Records from a data source:
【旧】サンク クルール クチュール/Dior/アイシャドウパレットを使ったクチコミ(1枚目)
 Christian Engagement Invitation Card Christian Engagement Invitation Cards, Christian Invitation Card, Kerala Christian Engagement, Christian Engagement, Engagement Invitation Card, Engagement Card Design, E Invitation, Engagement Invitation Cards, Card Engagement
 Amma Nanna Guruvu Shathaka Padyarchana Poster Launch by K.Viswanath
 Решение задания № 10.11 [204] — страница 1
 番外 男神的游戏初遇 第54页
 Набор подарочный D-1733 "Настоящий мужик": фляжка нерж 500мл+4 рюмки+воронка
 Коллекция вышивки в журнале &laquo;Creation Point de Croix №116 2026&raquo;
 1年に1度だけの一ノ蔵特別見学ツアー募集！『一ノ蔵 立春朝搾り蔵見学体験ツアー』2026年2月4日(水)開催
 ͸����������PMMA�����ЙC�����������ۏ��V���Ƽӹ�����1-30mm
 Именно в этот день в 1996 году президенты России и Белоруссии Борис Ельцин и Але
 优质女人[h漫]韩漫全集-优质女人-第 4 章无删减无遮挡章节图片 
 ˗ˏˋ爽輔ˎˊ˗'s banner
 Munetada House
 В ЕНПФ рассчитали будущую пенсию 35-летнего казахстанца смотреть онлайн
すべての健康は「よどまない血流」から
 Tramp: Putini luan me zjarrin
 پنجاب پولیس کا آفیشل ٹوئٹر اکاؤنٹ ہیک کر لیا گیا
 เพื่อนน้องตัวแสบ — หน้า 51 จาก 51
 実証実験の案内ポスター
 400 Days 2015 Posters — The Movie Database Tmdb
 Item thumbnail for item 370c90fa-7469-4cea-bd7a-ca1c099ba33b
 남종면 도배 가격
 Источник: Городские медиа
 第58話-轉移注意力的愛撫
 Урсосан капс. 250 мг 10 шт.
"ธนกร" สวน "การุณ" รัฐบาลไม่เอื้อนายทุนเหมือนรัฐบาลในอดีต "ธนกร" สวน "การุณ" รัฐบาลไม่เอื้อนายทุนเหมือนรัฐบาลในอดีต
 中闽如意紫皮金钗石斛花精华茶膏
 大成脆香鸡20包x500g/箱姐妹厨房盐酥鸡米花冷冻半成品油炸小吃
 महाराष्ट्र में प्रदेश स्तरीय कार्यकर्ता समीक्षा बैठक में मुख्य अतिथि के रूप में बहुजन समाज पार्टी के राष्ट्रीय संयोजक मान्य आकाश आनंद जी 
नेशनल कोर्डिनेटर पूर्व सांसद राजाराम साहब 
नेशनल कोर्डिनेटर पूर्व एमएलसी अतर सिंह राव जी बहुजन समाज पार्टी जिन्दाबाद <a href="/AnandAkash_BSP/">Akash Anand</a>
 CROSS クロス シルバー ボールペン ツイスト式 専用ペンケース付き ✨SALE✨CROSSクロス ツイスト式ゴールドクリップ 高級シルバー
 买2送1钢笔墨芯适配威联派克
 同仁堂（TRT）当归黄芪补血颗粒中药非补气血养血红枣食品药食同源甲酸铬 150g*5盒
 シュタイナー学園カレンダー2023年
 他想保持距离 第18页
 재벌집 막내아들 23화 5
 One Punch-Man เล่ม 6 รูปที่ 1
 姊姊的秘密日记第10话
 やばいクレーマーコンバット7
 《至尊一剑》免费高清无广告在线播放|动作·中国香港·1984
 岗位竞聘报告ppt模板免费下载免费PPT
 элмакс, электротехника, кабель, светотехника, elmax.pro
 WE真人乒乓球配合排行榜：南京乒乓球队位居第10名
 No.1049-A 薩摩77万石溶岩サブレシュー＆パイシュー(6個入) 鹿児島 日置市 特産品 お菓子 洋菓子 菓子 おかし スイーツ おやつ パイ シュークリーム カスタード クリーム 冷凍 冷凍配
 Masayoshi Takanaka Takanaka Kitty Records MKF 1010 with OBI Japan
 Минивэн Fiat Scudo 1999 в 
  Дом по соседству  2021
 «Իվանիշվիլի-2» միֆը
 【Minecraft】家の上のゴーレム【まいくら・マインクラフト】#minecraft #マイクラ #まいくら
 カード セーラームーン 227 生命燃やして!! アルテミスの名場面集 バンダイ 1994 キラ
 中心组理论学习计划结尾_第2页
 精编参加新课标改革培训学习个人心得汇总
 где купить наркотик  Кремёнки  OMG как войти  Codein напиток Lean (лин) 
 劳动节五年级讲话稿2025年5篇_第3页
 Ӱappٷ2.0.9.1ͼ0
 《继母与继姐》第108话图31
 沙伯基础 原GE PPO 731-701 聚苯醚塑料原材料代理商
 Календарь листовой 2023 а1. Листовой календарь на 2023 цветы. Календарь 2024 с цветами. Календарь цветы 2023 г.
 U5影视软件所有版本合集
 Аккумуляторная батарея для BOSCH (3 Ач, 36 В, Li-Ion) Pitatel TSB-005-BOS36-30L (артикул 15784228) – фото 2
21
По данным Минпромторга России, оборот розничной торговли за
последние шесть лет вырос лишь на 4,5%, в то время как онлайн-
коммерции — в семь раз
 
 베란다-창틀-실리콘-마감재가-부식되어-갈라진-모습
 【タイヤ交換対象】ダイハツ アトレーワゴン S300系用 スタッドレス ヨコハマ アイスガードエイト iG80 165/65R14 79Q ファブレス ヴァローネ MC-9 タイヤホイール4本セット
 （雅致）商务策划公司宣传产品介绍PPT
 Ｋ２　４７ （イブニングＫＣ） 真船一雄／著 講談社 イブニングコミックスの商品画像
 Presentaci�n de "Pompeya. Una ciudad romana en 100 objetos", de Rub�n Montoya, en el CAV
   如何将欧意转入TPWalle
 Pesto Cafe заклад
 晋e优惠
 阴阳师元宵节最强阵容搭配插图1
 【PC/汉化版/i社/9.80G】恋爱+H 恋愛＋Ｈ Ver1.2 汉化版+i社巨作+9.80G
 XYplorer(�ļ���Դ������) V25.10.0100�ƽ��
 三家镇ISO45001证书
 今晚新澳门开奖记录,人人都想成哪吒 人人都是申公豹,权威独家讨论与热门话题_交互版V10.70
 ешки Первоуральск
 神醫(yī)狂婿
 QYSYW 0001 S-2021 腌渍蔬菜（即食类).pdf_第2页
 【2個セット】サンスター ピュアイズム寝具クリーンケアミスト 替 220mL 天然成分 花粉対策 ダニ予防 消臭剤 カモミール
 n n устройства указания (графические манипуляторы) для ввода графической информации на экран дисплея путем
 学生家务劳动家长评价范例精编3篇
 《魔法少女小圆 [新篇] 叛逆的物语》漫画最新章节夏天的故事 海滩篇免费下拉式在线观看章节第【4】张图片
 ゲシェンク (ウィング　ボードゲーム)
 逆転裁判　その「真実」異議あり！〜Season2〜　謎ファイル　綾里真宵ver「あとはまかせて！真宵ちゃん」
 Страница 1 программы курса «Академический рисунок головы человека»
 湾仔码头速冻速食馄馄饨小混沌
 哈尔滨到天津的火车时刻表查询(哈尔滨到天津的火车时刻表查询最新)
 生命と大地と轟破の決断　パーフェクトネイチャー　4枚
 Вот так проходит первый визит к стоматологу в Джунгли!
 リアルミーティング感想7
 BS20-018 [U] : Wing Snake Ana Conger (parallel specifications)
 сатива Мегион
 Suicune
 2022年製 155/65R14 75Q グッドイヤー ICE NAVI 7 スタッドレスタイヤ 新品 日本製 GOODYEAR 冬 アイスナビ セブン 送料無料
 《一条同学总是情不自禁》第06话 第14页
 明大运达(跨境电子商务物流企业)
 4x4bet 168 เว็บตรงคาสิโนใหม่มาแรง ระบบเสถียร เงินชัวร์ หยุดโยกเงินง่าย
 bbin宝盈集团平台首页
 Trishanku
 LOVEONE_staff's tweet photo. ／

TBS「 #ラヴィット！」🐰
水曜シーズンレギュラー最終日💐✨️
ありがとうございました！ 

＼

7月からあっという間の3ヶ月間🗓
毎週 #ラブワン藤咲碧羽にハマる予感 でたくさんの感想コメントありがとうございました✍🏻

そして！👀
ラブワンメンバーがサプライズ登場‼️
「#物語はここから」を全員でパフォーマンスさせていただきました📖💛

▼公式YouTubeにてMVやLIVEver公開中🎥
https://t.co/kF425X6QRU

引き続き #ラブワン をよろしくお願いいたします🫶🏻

## WHAT THE TASK ASKS
Would you set down, word for word, the lines from the opening of the entries above through the line with "すべての健康は「よどまない血流」から", both included, and no others?

## FINAL ANSWER
【旧】サンク クルール クチュール/Dior/アイシャドウパレットを使ったクチコミ(1枚目)
 Christian Engagement Invitation Card Christian Engagement Invitation Cards, Christian Invitation Card, Kerala Christian Engagement, Christian Engagement, Engagement Invitation Card, Engagement Card Design, E Invitation, Engagement Invitation Cards, Card Engagement
 Amma Nanna Guruvu Shathaka Padyarchana Poster Launch by K.Viswanath
 Решение задания № 10.11 [204] — страница 1
 番外 男神的游戏初遇 第54页
 Набор подарочный D-1733 "Настоящий мужик": фляжка нерж 500мл+4 рюмки+воронка
 Коллекция вышивки в журнале &laquo;Creation Point de Croix №116 2026&raquo;
 1年に1度だけの一ノ蔵特別見学ツアー募集！『一ノ蔵 立春朝搾り蔵見学体験ツアー』2026年2月4日(水)開催
 ͸����������PMMA�����ЙC�����������ۏ��V���Ƽӹ�����1-30mm
 Именно в этот день в 1996 году президенты России и Белоруссии Борис Ельцин и Але
 优质女人[h漫]韩漫全集-优质女人-第 4 章无删减无遮挡章节图片 
 ˗ˏˋ爽輔ˎˊ˗'s banner
 Munetada House
 В ЕНПФ рассчитали будущую пенсию 35-летнего казахстанца смотреть онлайн
すべての健康は「よどまない血流」から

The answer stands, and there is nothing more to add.